» About this exercise
Transcribe the entries below exactly; leave every image out.

Task inputs section start

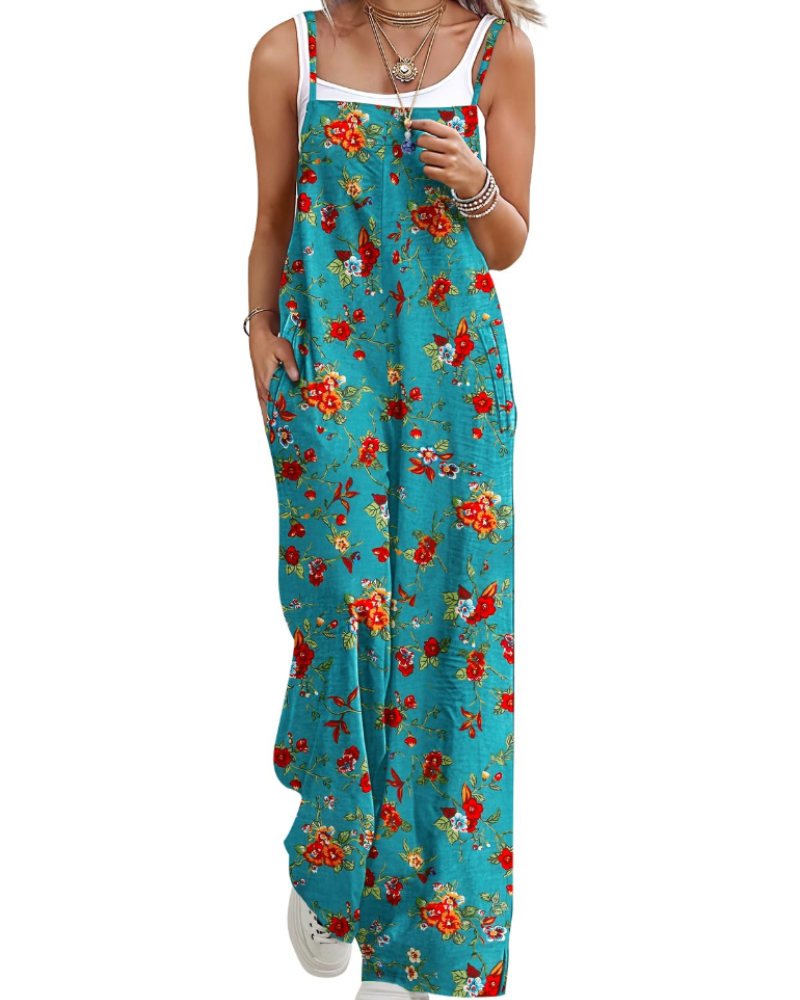 Maya Combinaison Donna – Salopette Estate Cotone Vestibilità Ampia, Pantalone Large Bohémien con Tasche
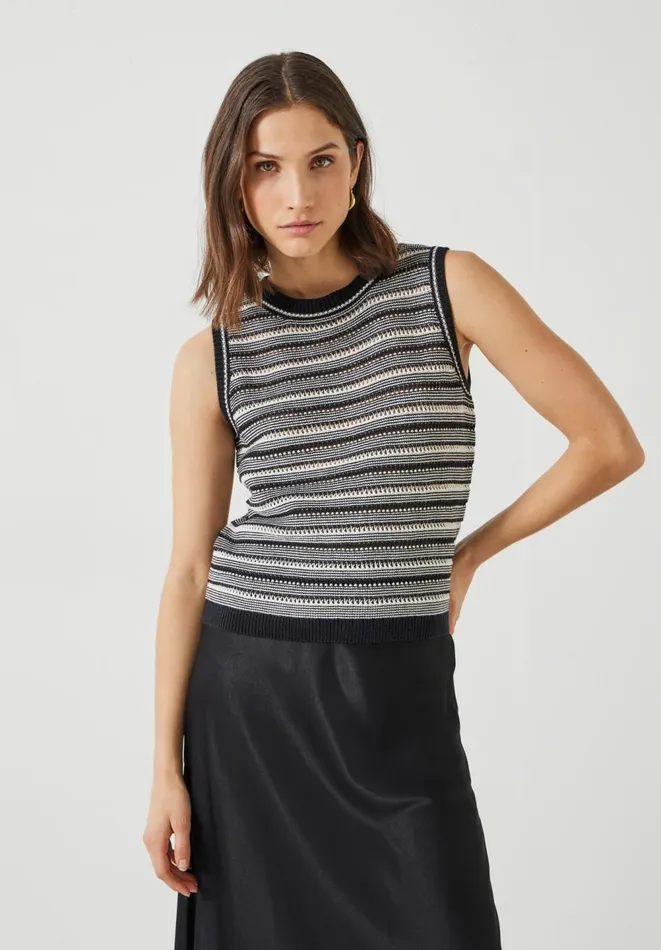 Hush Tops and Tshirts Women Shannon Textured Knitted Tank Top Black Soft White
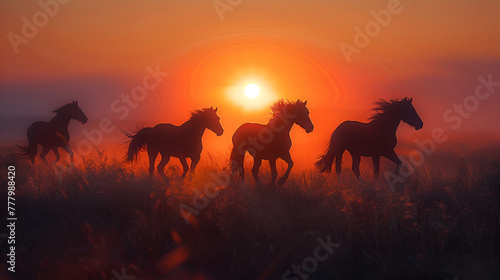 Thoroughbred horses walking in a field at sunrise or sunsetting, ai generated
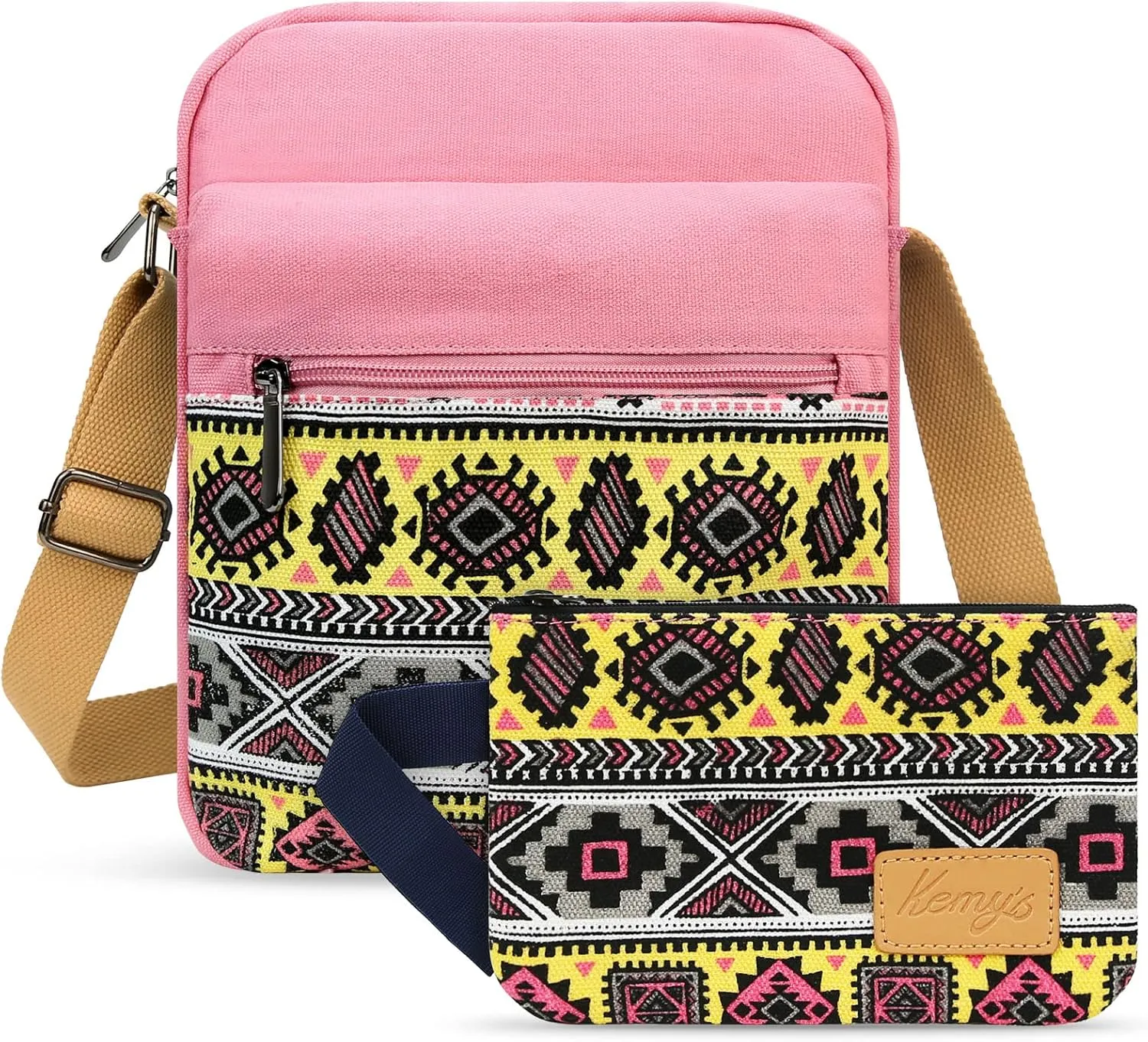 Kemy's Small Canvas Crossbody Bag for Teen Girls, Lightweight Messenger Shoulder Bags Cross Body Purse for Girls and Women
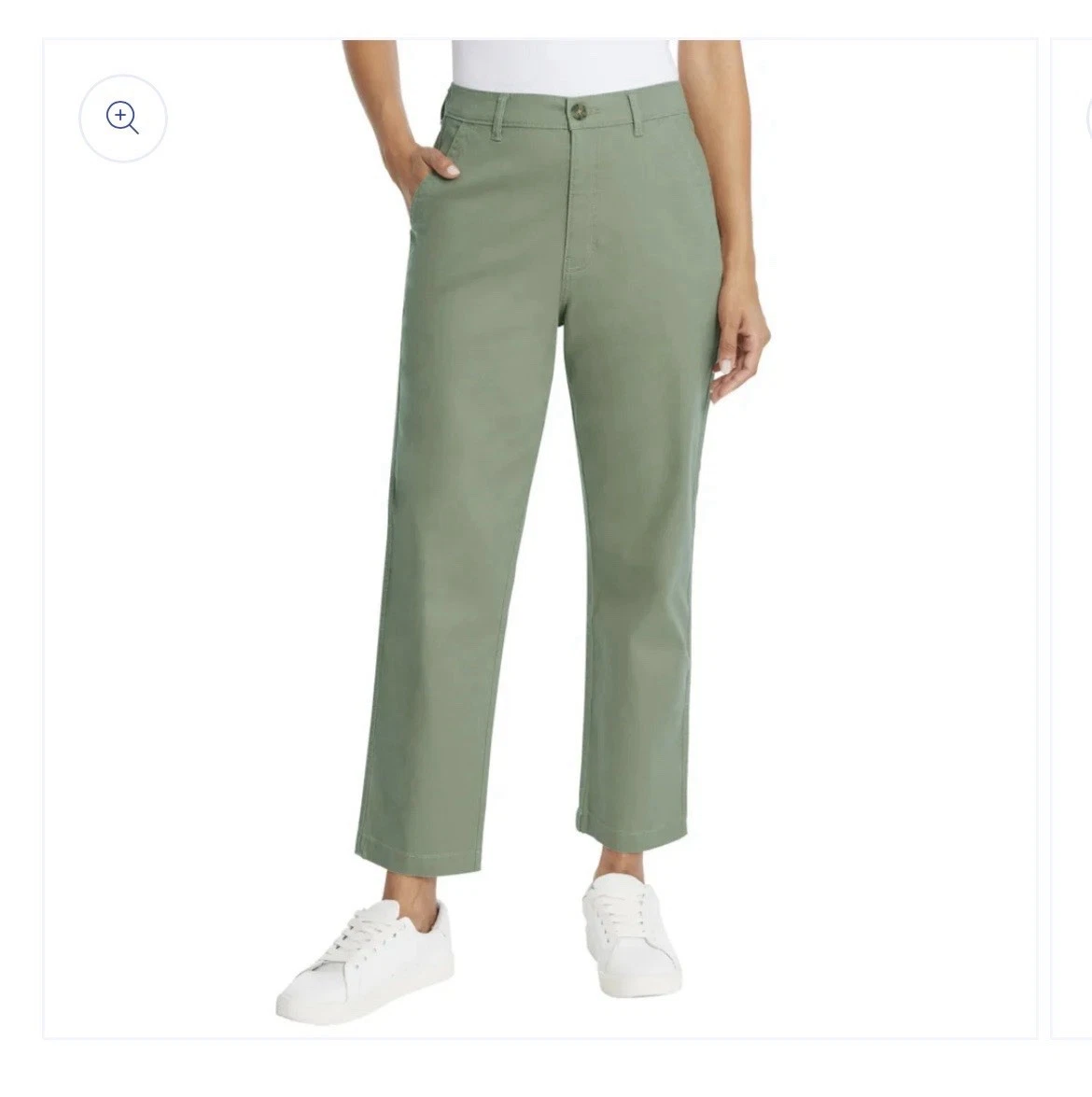 GH Bass Women's Olive Green Capri Pants Size 16 Cotton Blend Pockets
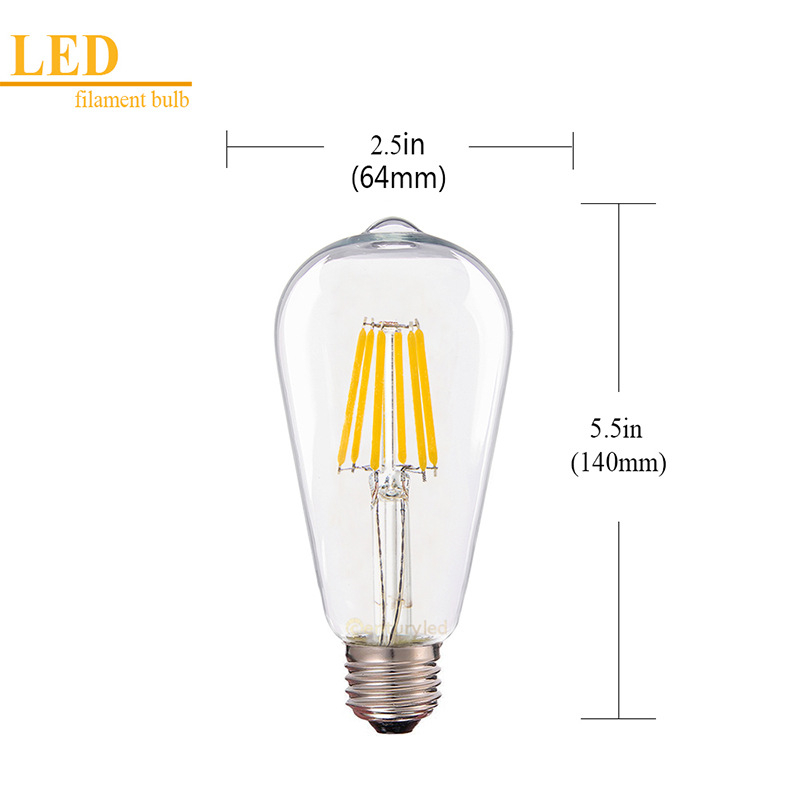 ST64 LED žarulja s filamentom, E27, retro Edison stil, dimmabilna, 4W, topla svjetlost, 220V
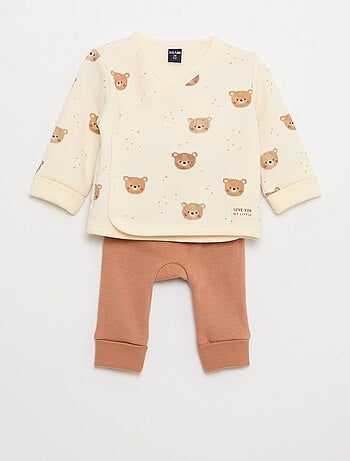 Ensemble sweat + pantalon en molleton - 2 pièces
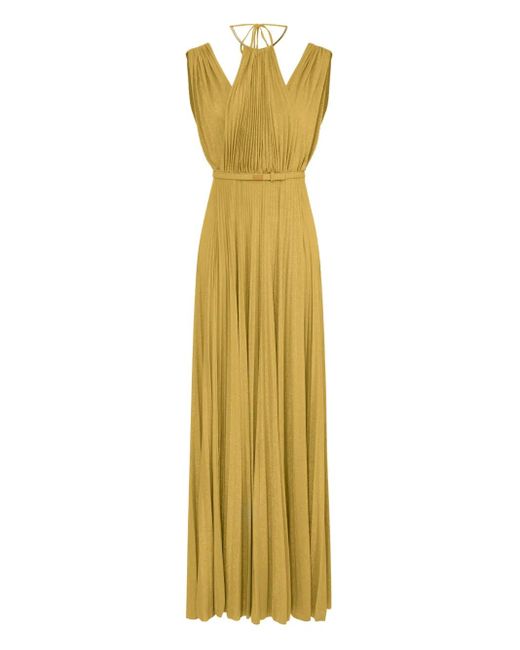 Elisabetta Franchi Geplooide Maxi-Avondjurk in het Metallic
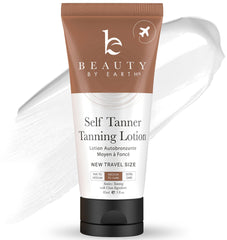 Beauty by Earth tanning lotion travel-size bottle front for on-the-go sunless glow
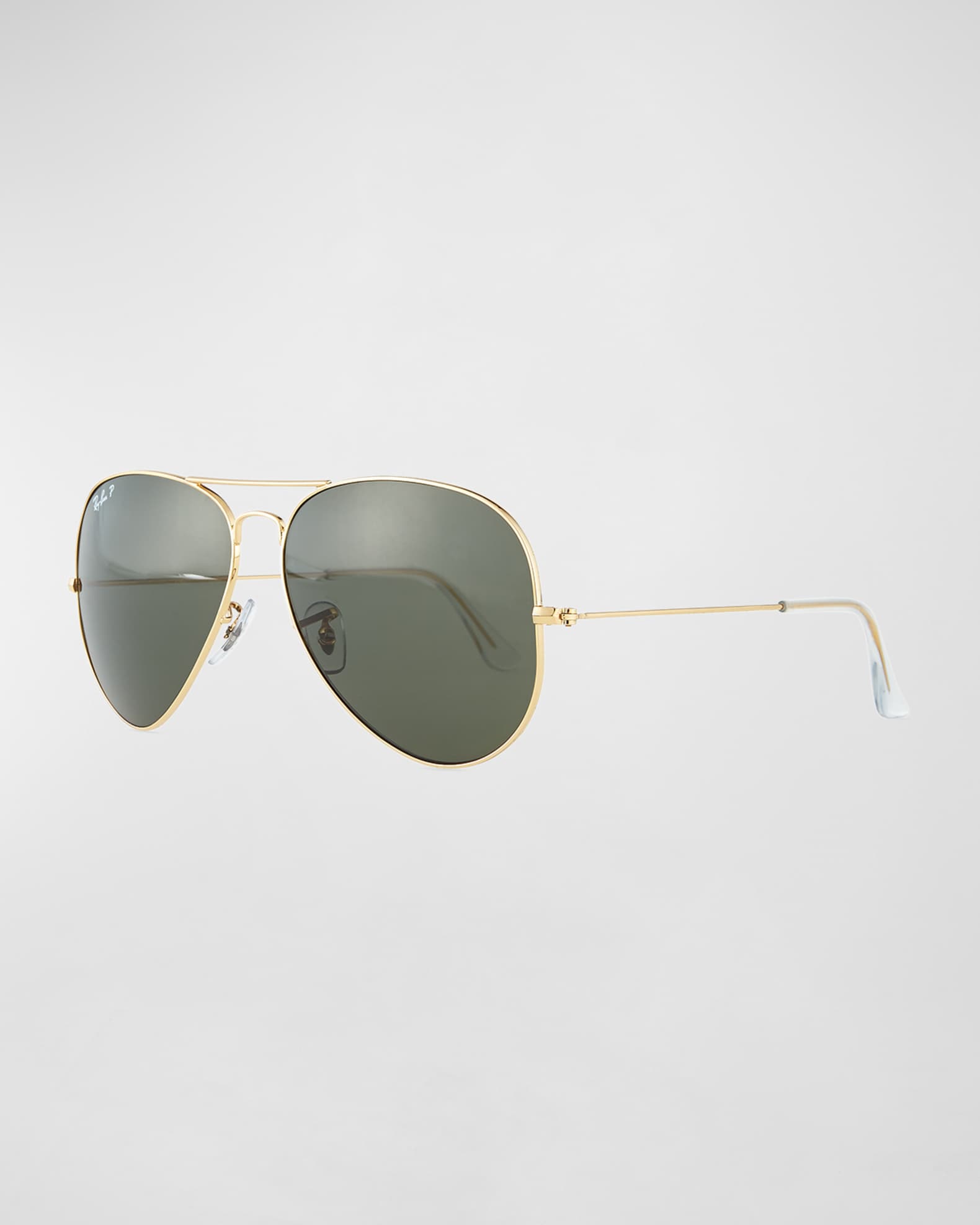 Ray-Ban Original Aviator Polarized Sunglasses, Gold/Green | Neiman Marcus
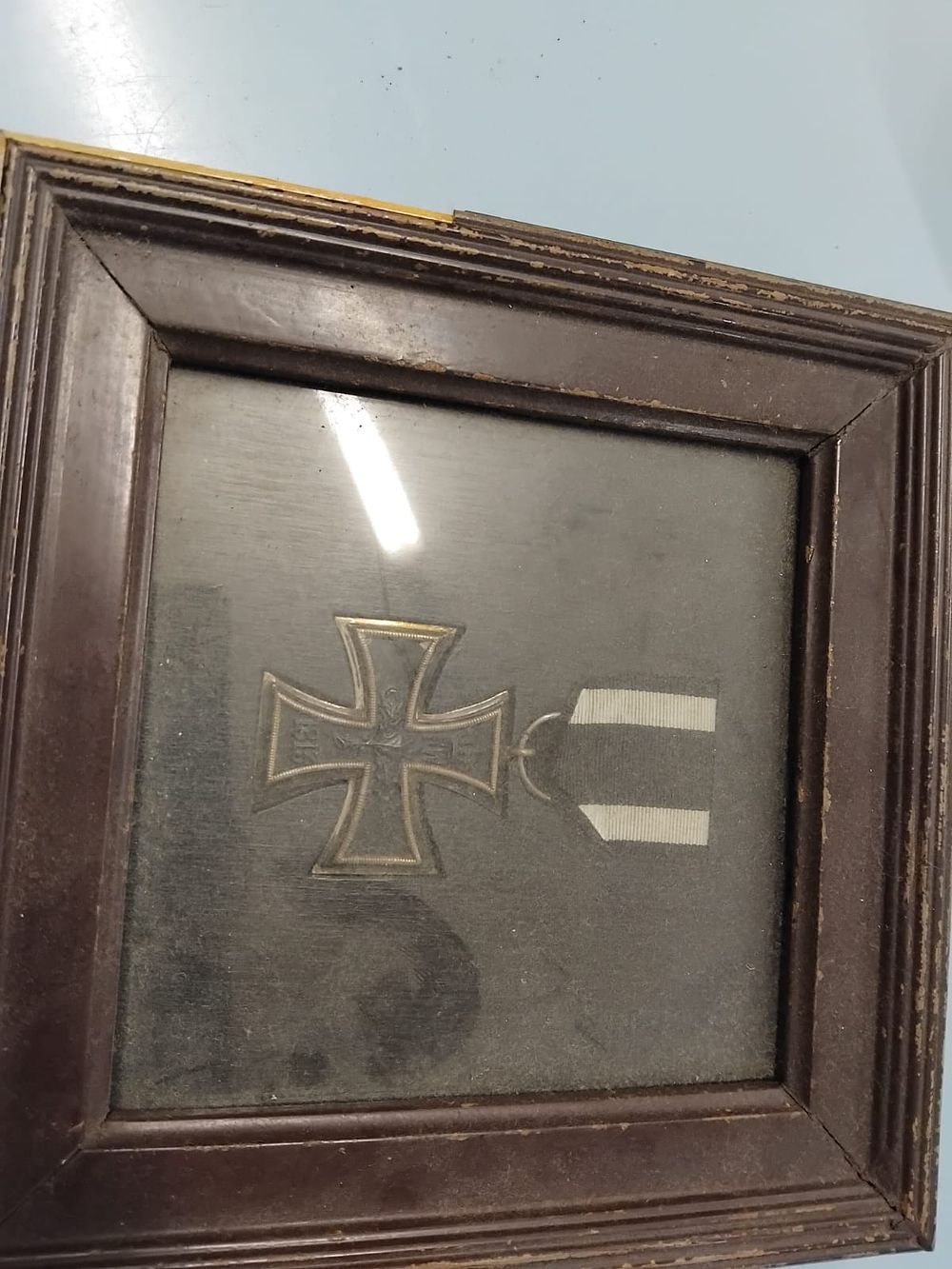 Lot 393 – Imperial German 1914 Iron Cross 2nd Class Non-Combatant Version in a Glazed Wooden Frame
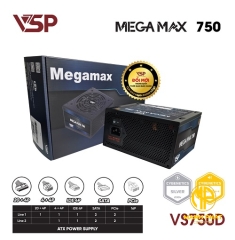 Bộ nguồn ATX VSP MEGAMAX VS750D 750W (Max 850W| AC 180-240V/ 5A| 89%| A.PFC| DC to DC |2*8Pin| 2* PCIe 8Pin| 4*Sata| 2*Molex| OCP, OPP, SCP, OVP)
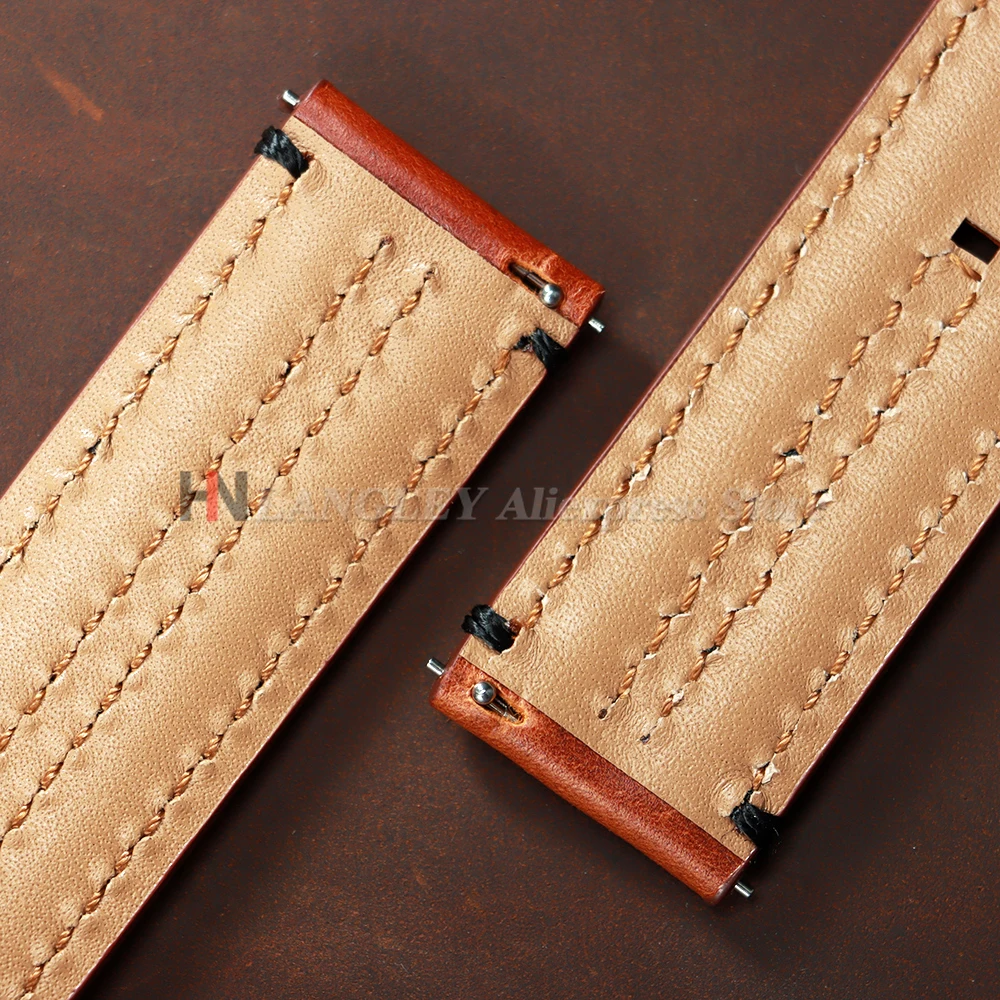 Vintage Genuine Leather Watch Band Straps - Premium Cowhide Double-Stitched Design, Unisex Fashion Accessory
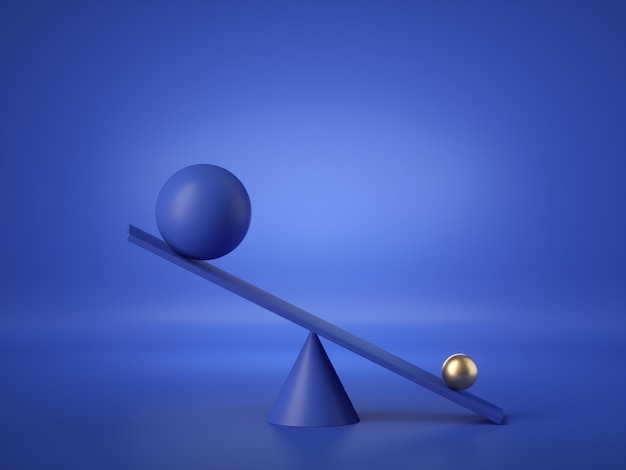 3d render balls placed on weighing scales isolated on blue background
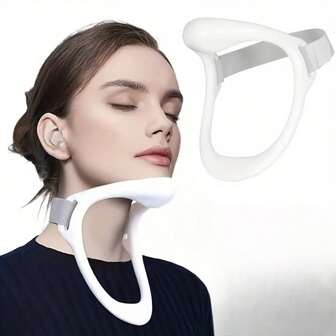 1 pieza de Corrector de postura de polietileno blanco - Bata de cuello para postura inclinada hacia adelante ergonómica, con tirantes ajustables, alineación del cuello y los hombros, perfecto para trabajo de escritorio y uso de pantallas, ajuste de la postura de la espalda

Task inputs section end

» Result of this task
 Maya Combinaison Donna – Salopette Estate Cotone Vestibilità Ampia, Pantalone Large Bohémien con Tasche
 Hush Tops and Tshirts Women Shannon Textured Knitted Tank Top Black Soft White
 Thoroughbred horses walking in a field at sunrise or sunsetting, ai generated
 Kemy's Small Canvas Crossbody Bag for Teen Girls, Lightweight Messenger Shoulder Bags Cross Body Purse for Girls and Women
 GH Bass Women's Olive Green Capri Pants Size 16 Cotton Blend Pockets
 ST64 LED žarulja s filamentom, E27, retro Edison stil, dimmabilna, 4W, topla svjetlost, 220V
 Ensemble sweat + pantalon en molleton - 2 pièces
 Elisabetta Franchi Geplooide Maxi-Avondjurk in het Metallic
 Beauty by Earth tanning lotion travel-size bottle front for on-the-go sunless glow
 Ray-Ban Original Aviator Polarized Sunglasses, Gold/Green | Neiman Marcus
 Lot 393 – Imperial German 1914 Iron Cross 2nd Class Non-Combatant Version in a Glazed Wooden Frame
 Bộ nguồn ATX VSP MEGAMAX VS750D 750W (Max 850W| AC 180-240V/ 5A| 89%| A.PFC| DC to DC |2*8Pin| 2* PCIe 8Pin| 4*Sata| 2*Molex| OCP, OPP, SCP, OVP)
 Vintage Genuine Leather Watch Band Straps - Premium Cowhide Double-Stitched Design, Unisex Fashion Accessory
 3d render balls placed on weighing scales isolated on blue background
 1 pieza de Corrector de postura de polietileno blanco - Bata de cuello para postura inclinada hacia adelante ergonómica, con tirantes ajustables, alineación del cuello y los hombros, perfecto para trabajo de escritorio y uso de pantallas, ajuste de la postura de la espalda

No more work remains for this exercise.